Despite the depth and breadth of his activities, he is basically and deeply a composer, and his music is his finest and most eloquent accomplishment. The sound and surface of his music is marked by a relative simplicity which is actually the underpinning of a rich and complex language based on principles he has developed and which owe much to the thinking of Bartók, Stravinsky, Schoenberg, and Berg. He has eschewed serialism, however, and his compositional approach is one which differs fundamentally from most post–Schoenbergian practice.

Moreover, Perle's music does not present itself in radical disjunction with tonal music and music of the past. In fact, his way of composing owes as much to tonality as it does to post–chromatic dodecaphonic thinking. Concepts of harmony, counterpoint, formal consequence, and coherence are as vivid and lively in Perle's music as they are in tonal music. His music is a special language, and while each piece sings uniquely and individually, his language is consistent, convincing, and all his own. The quality and character of his body of pieces is remarkable and unforgettable; there is nothing else remotely like it. It reveals no sense of arbitrary abstraction, formalism, or the whims of fashion. The notes are alive with a life, breath, and purpose which only a superbly gifted musician can create.
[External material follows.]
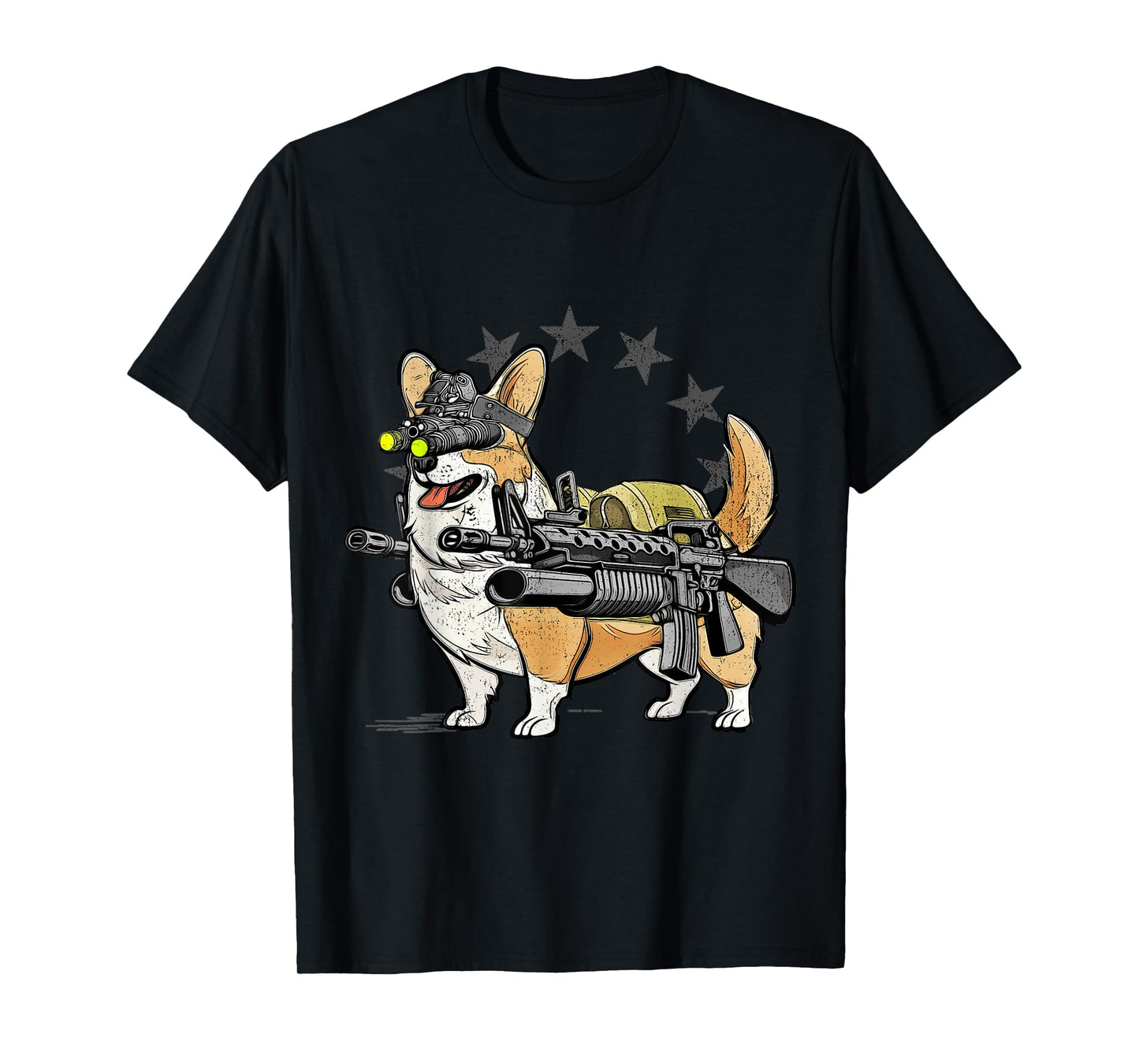 1 Nation Unisex-Adults Combat Corgi Patriotic Cartoon T-Shirt, Black, Small, Short Sleeve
George Perle often talks enthusiastically about dance: Balanchine and Stravinsky hold a special place in his heart. It is therefore not surprising that one of the most palpable features of his music is its compelling and persuasive rhythmic profile. His music moves with the subtlety and sureness of good ballet—it has a real physical, rhythmic presence. Some might say it "swings," but I prefer to sky that George's music really dances!